[[ Information supplied, beginning ]]

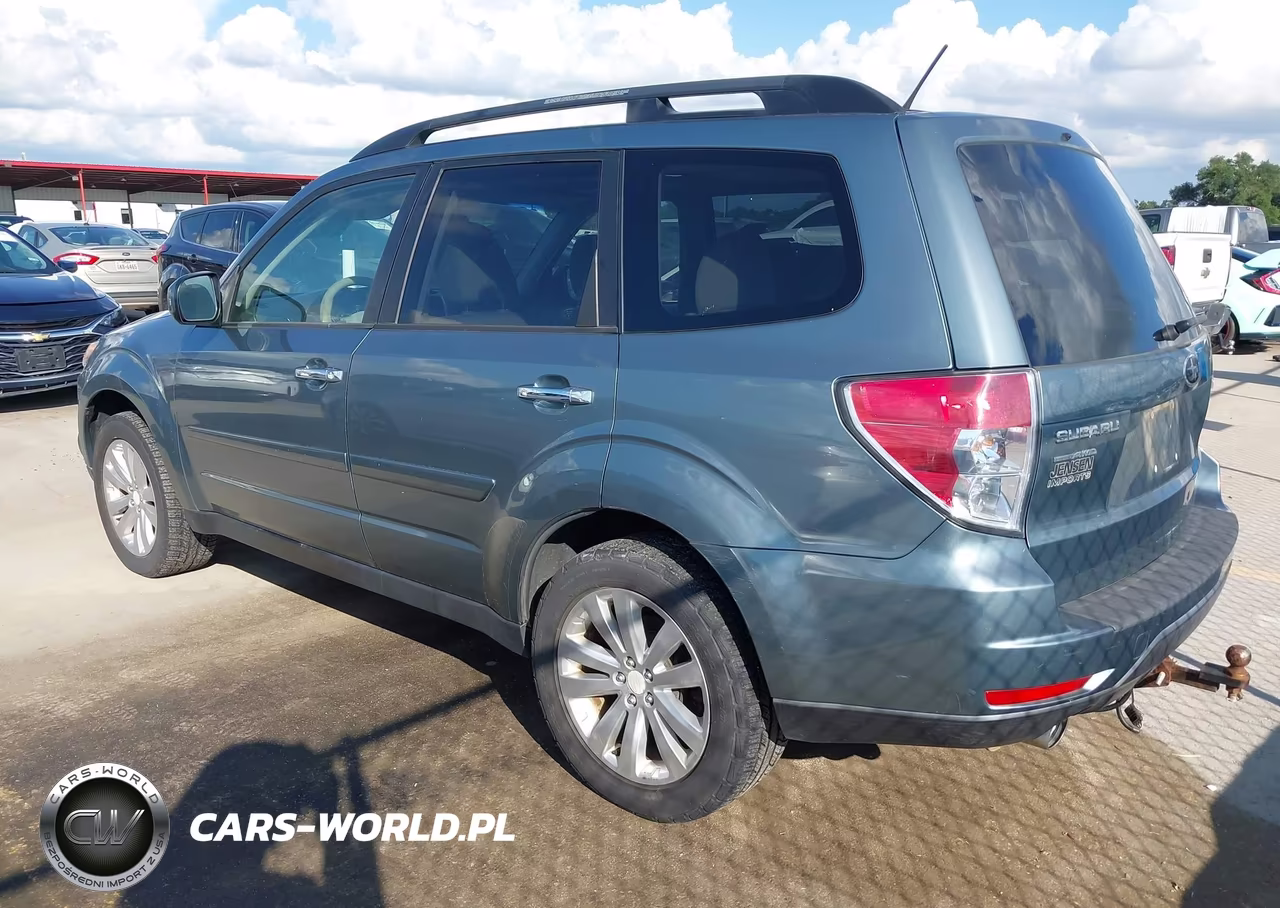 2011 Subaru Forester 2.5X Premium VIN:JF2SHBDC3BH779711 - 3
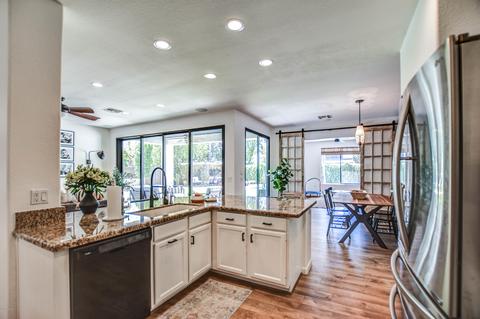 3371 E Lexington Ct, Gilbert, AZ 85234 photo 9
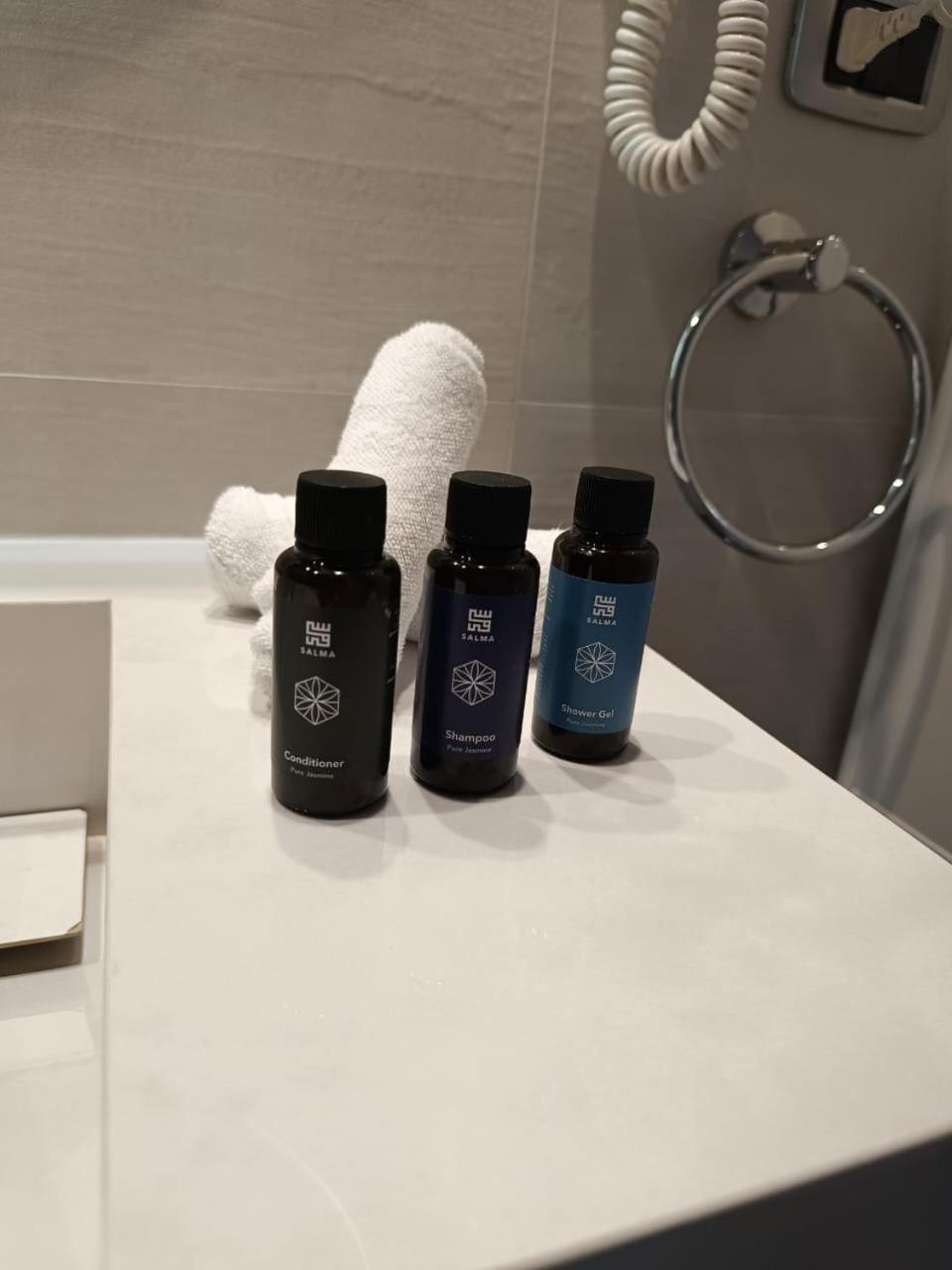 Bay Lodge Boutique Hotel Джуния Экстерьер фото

[[ Information supplied, end ]]

Starting where a line contains "3371 E Lexington" and finishing at the last line above, set down every line exactly as it reads, with no pictures.

 3371 E Lexington Ct, Gilbert, AZ 85234 photo 9
 Bay Lodge Boutique Hotel Джуния Экстерьер фото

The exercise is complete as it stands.